Emergency exit seats usually have the added advantage of having extra legroom too.
4. Choose a red eye flight
Many people suggest choosing a flight time such as a very early or overnight flight. This may mean you are less likely to be on a flight with so many young children as many parents avoid these flights because they are more stressful when traveling with children.
How true that is I am not entirely sure. Choosing one certainly makes your journey less pleasant, whether children are on the flight or not, so I am not sure it is worth it. Also you may have little choice than to go with an overnight flight, and therefore so will parents. If traveling from the US to Europe then these flights are predominately overnight for operational reasons.
5. Fly business class
This is not an option for many due to the high cost of business class, or even first class travel. Children are not excluded from flying business or first class but they are less common in those cabins so you should be relatively safe.
If you do choose business class then don’t choose to sit in the rear row of seats as you may have a screaming baby immediately behind you in the first row of economy perhaps only separated by a think partition.
6. Take precautions
There have been times when I have felt the parents of children near me should have taken “precautions” but in this instance I do not mean that kind. I mean taking something on board with you to make your flight quieter should you find yourself near a crying baby or other noisy child.
You have a few options:
Noise cancelling headphones
These are my preferred choice and I use them most of the time on a flight, whether sitting near children or not. They always make my flight more restful.
Whilst they are not designed to block out speech they can go some way to cancelling the monotonous crying of a baby. They are active, which means that the electronics within them produce an opposite sound wave to the noise to cancel it out. They do a great job with cancelling engine drone and the sound of the air rushing past the fuselage.
You can use them with the onboard entertainment system as well as with your phone, tablet etc.
The headphones I currently use are the Paww WaveSound 3 Bluetooth 5.0 Wireless Active Noise Cancelling Over Ear Headphones.

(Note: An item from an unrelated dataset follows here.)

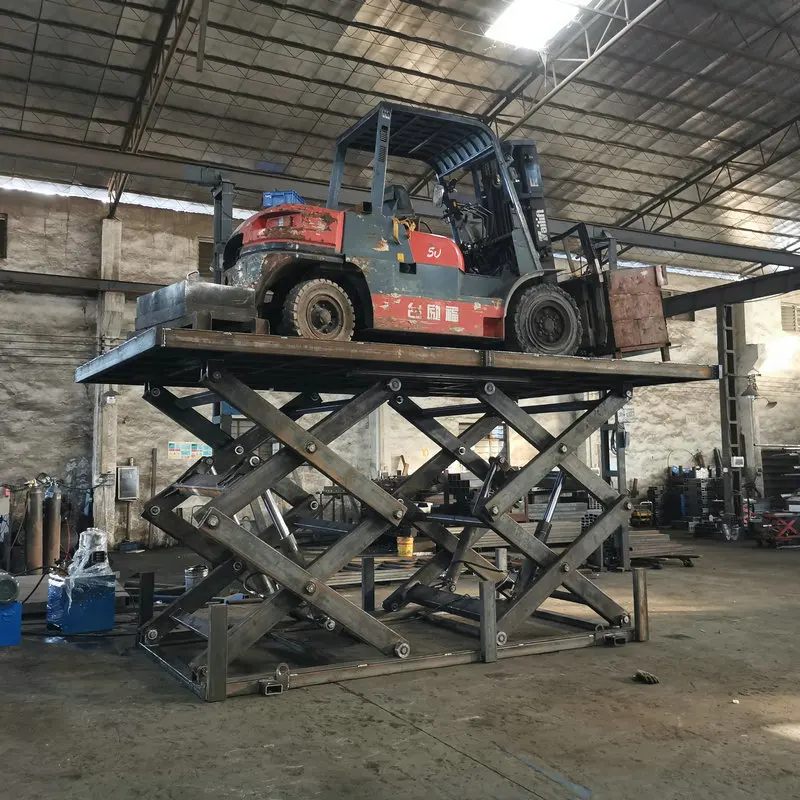 Double-layer double scissor lift 10 tons fixed lift freight elevator electric hydraulic aerial work lifting platform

The are one of lightest active noise cancelling headphones on the market and I can wear them for hours without any problem.
If money is not an issue then check out the Sony headphones which are probably the best available on the market.
Noise cancelling earbuds
Just like noise cancelling headphones, these do a similar job but are actually inserted in the ear. I find them uncomfortable after a while so I don’t use them.
The most popular noise cancelling earbuds on Amazon are the TaoTronics Active Noise Cancelling Earbuds.
These are the cheapest option and work simply by blocking the sound from entering your ear. Obviously you cannot use them if you want to listen to the onboard entertainment system or with your tablet or other device.
One of the most popular types on Amazon is the Vibes High Fidelity Concert Earplugs.
You may find my article on The best gadgets to make flying more comfortable useful too.
Why do some parents think everyone should love their kids?
I was looking at a Facebook thread following the Japan Airlines announcement above. It was incredible that so many parents commenting were calling those that welcomed the announcement “miserable moaning b&%$·/ds”.
Obviously they have never had to endure someone else’s child screaming for an entire 10 hour overnight flight from Los Angeles to London like I have.
I can guarantee that these same parents will also do what they can to avoid sitting near a baby or other passenger’s children when their children have grown up.